What economic indicator would need to occur for you to start looking for work outside the country and start to pack up?


I'm more worried about losing my savings (mostly RMB in China) since I can always go to the states if I lost my job.


What is the current state of Bitcoin in China? Could you buy Bitcoins with RMB locally and sell for USD somewhere else?

Please note that this is not an endorsement of Bitcoin or encouragement to use Bitcoin. I'm more interested to hear what the realworld situation of ecurrencies such as Bitcoin are in China and whether it is a feasibel to buy/sell Bitcoins in China.


Any thought to shifting your savings to USD ASAP?


I should do that, but I got rid of my American bank account when I left the country 9 years ago. I also need to do a bunch of paper work to convert the money since we are limited to $50k a year (not a big problem, since I think this is cumulative). So, ya, I'm thinking about it and taking a hit on forex.


Good luck. Interesting times ahead :/


Just look at the KPCB office locations: Menlo Park, San Francisco, Beijing, Shanghai.


So, should we be shorting these stocks?


This is really good news. Unlike the US it seems these companies need to proof that they can turn a profit.

Economists have been crying out "bubble bubble !" on china for 10 years. The science of capital as applied to western countries do not apply to a system like china where there are so many SOE. Imagine if economists applied the same type of thinking during WW2 and the space race.

China seems to be in a similar "war" mode, with there economy. This is a good thing since their goal seem to be allow billions of asians to have the same level of living standard as western countries.

The growth of tech outside of silicon valley is good news for everyone. It creates an alternate market for competition, rather than the current monoculture.


"Economists have been crying out "bubble bubble !" on china for 10 years. The science of capital as applied to western countries do not apply to a system like china where there are so many SOE."

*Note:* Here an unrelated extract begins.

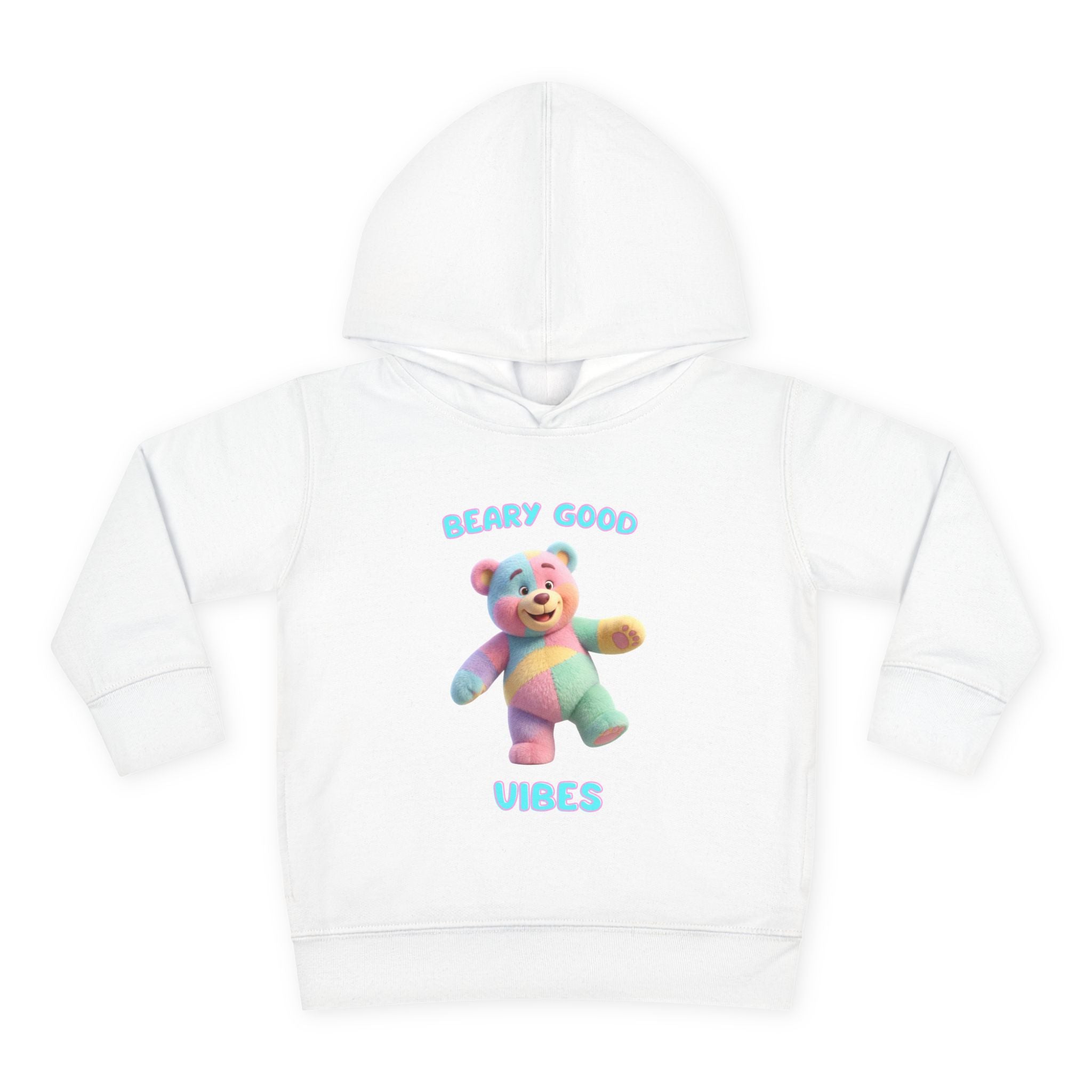 Toddler Hoodie Pullover (Beary Good Vibes) Graye Bridge Kids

Ah, there it is... the "this time it's different!" argument.

I fear that the different that the number of "State Owned Enterprises" will have is that where the bubble would "naturally" be popped by "natural" market forces, the incentives in China will cause it to inflate even farther, even faster, until it pops even harder.

Bubbles are not created by "capitalism". Bubbles are created by feedback loops feeding on themselves, which are unavoidable (where there is any form of negative feedback, there are oscillations). A State may well keep a bubble alive where capitalism would have popped it. That it hasn't popped yet could really be a sign that this time it's different; China does have greater capacity for growth on the same tech stack than the US does. But it could also mean that the malinvestment is getting even farther than the US tech bubble ever did. Bubbles being what they are, the greater capacity for growth could even be making it worse... if the economy could support X more growth but the bubble inflates that into 10X more investment, that could mean the greater capacity for growth is itself a participant in the inflation.

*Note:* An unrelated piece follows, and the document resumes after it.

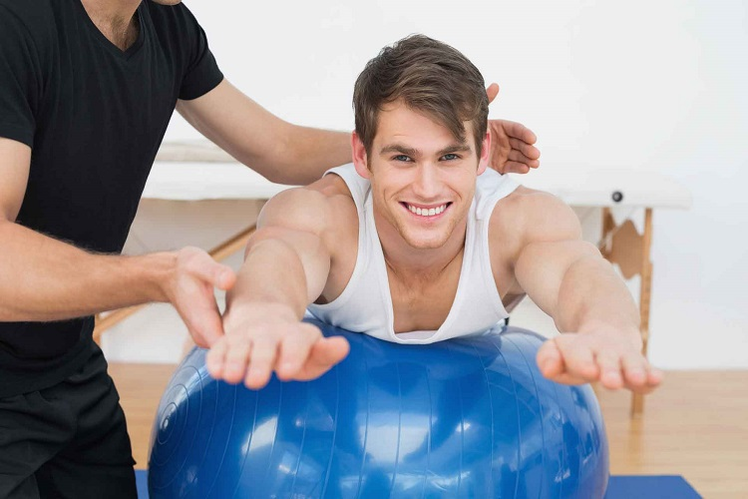 latihan dina fitball pikeun prostatitis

The "pop" isn't caused by "capitalism" either... bad investments that can't pay for themselves are bad investments that can't pay for themselves, regardless of the economic system in which they occur.

(I fear, because no one will escape this unscathed if it happens. The Western economies still haven't recovered from their last recession and are quite rickety themselves (since the West seems to have fallen in love with centralized management once again itself, and there is perhaps not a bit of book cooking here too). If a Chinese bubble does pop and it is that bad, it's not going to be any fun for anyone.)


I really like your point about competition and mono-culture. It's great seeing tech sectors spring up around the world. I'd personally love to see more Aussies where I am from staying local rather than heading stateside when their funding needs come up as well as the benifits this can bring to poorer countries.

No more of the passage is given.